Tech Firms Pitch Tools For Sifting Legal Records (22 August 2008) by Justin Scheck opens with a provocative statement: “A growing number of tech companies are riding the rising flood of corporate email and electronic records by pitching software to sift them — and meeting resistance from lawyers who want a piece of the action.”
Implicit in this article is a topic about which I have blogged regularly: the appropriate role of software versus humans in identifying and reviewing documents in discovery. This is a difficult and nuanced issues; see, for example, my posts Computer v Human Search Revisited (22 June 08), Concept Searching in E-Discovery (20 May 08), Lawyers’ Duty to Learn E-Discovery Search Techniques (18 April 08), Improving E-Discovery with Smart [Humans] [Technology] (16 March 08), and The Gold Standard for E-Discovery Document Review (18 March 07).
Another issue implicit in the article is the difference between archiving / preservation tools and collection / processing tools. See, for example, my post Preservation versus Collection in E-Discovery (8 Aug 08), which also discusses e-discovery “convergence.”
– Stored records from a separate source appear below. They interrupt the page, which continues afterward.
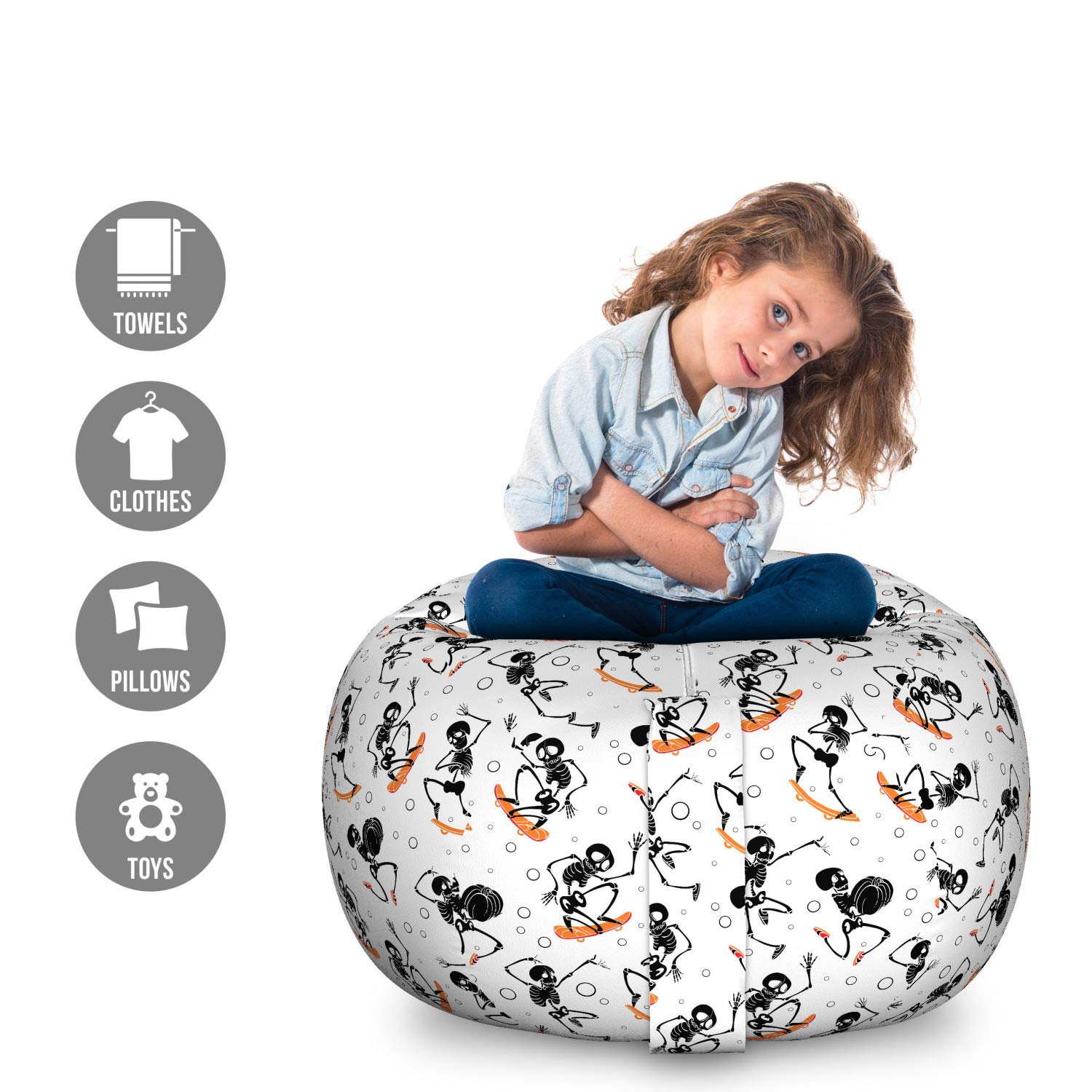 Ambesonne Skeleton Storage Toy Bag Chair - Large Washable Stuffed Animal Organizer with Whimsical Skateboard & Bubbles Design in Charcoal Grey & White | Perfect for Kids' Room, Playroom & Dorm Organization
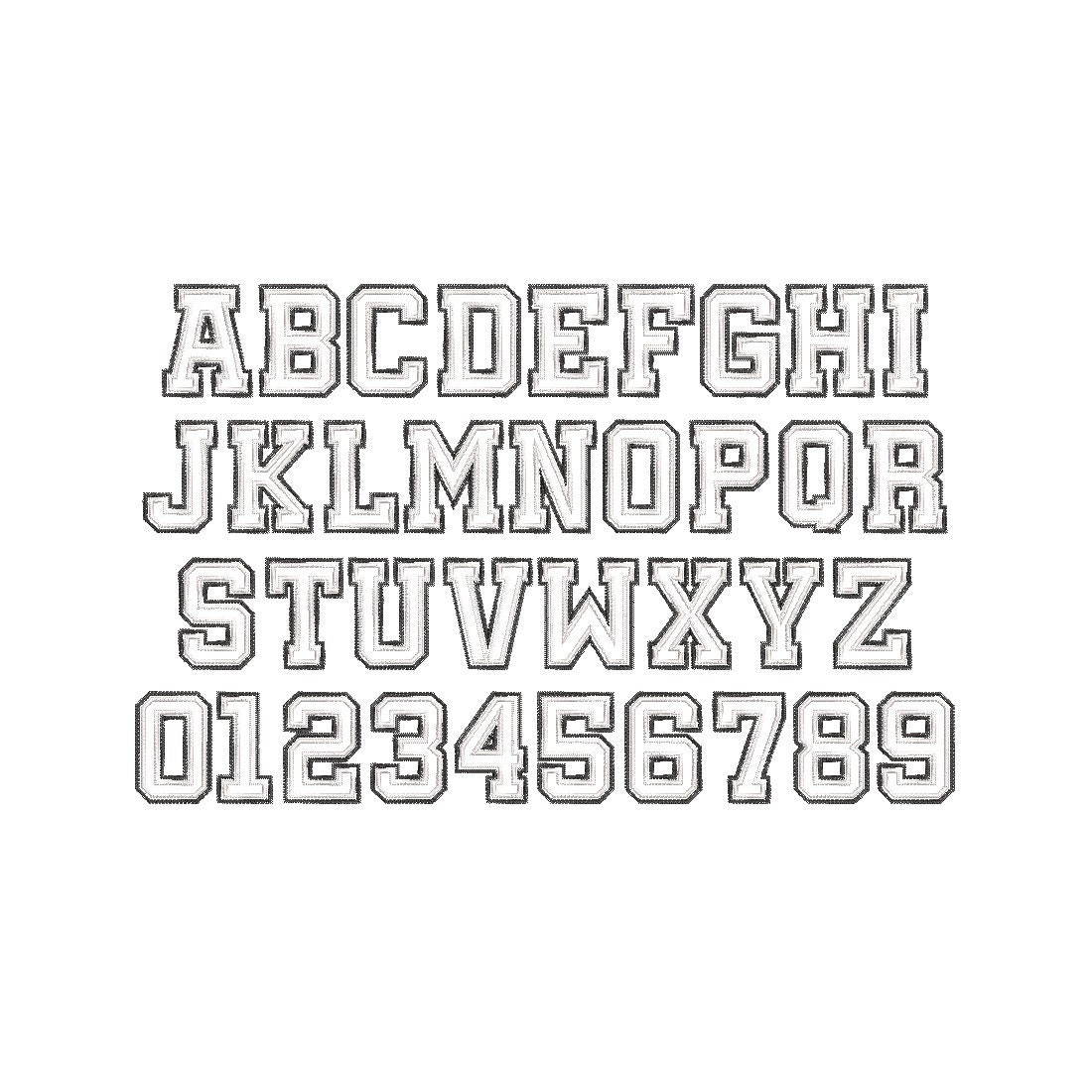 Large two layers applique font alphabet zig zag applique Athletic Sport ...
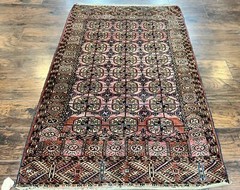 Turkoman Bokhara Rug 4×6 Wool Hand Knotted Antique Handmade Carpet Red Pink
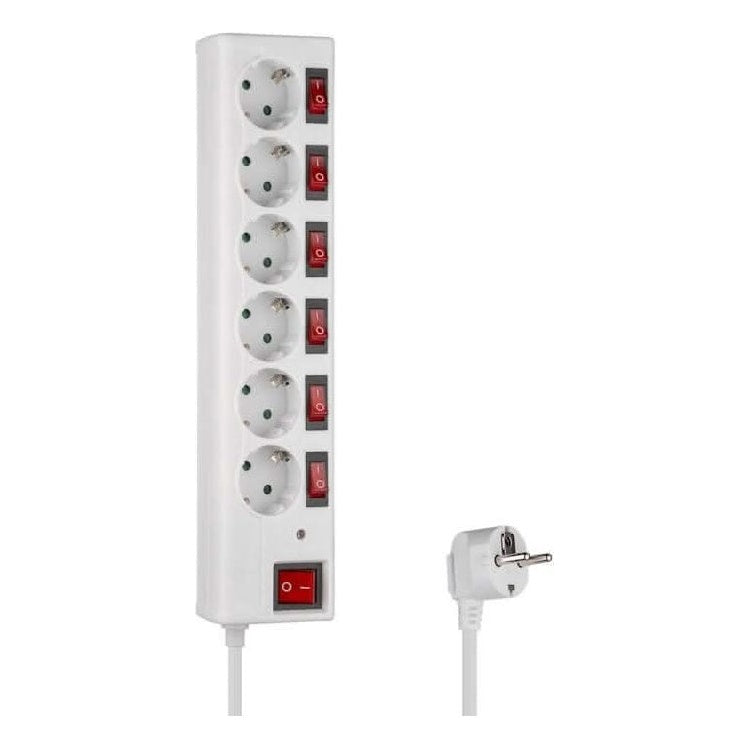 VD-S6S-1.5M-WT 230 volt 6-voudig verdeeldoos -  1.5 meter- wit - overspanningsbeveiliging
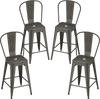 Set of 4 gun metal metal bar stools with backrests, footrests, and stackable design for kitchen or home bar use.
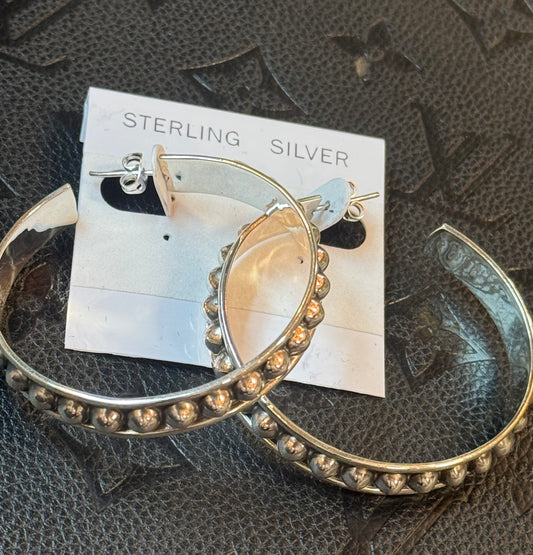 Sterling Silver Large Bubble Hoop Post Earrings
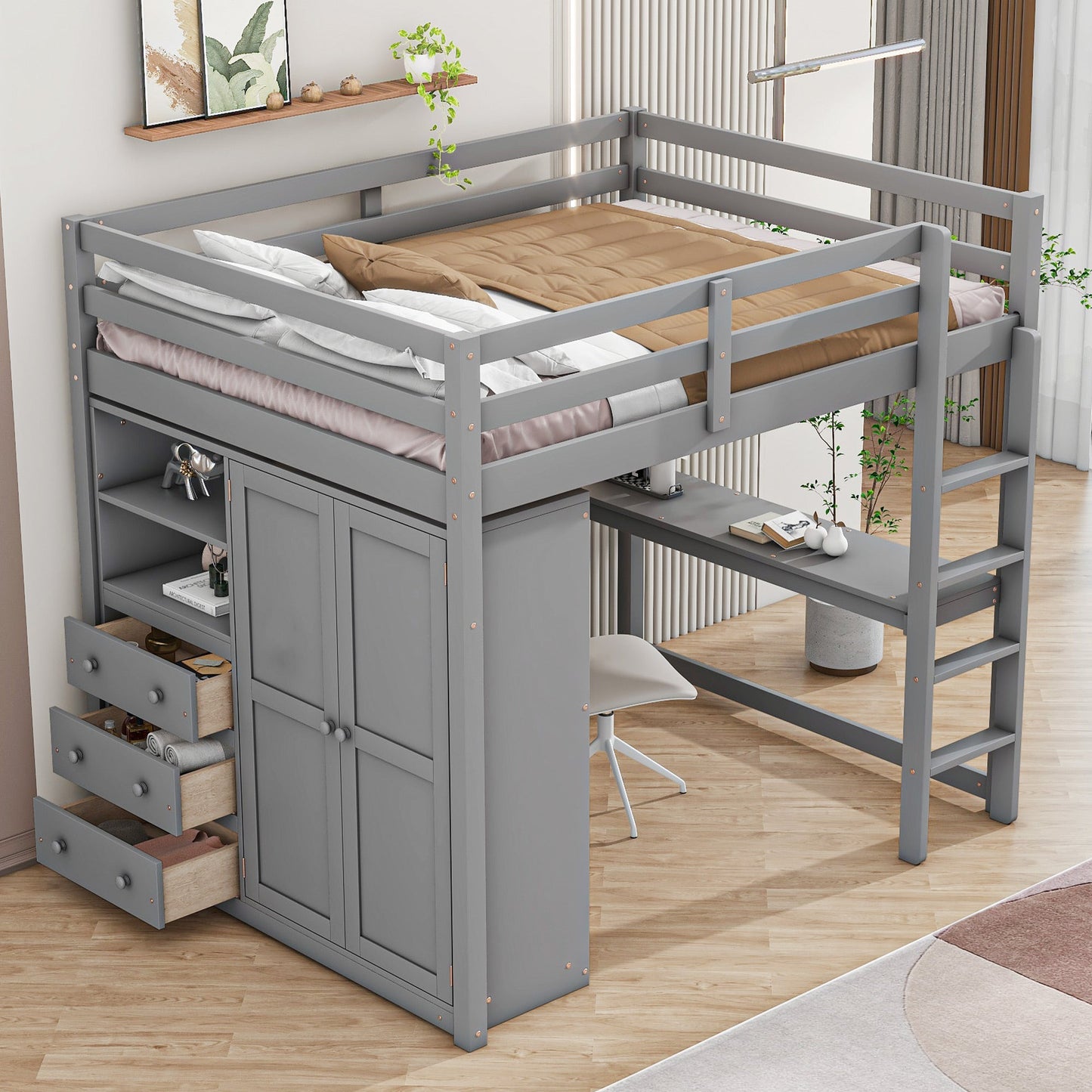 Wood Full Size Loft Bed with Built-in Wardrobe, Desk, Storage Shelves and Drawers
Rather than explain the difficult “humans versus computers” review question or the “convergence” issue, the article frames current e-discovery issues, in essence, as lawyers trying to protect their billable hours. This framing oversimplifies the issue but does alert corporate managers – think CFOs and CEOs – who ultimately pay BigLaw bills that perhaps there are more cost-effective ways to approach litigation. So for that reason alone, I was glad to see the WSJ cover the topic.
And the timing of the article is perfect for the many EDD managers who will be in Dallas this coming week for ITLA. It should be good grist for discussion.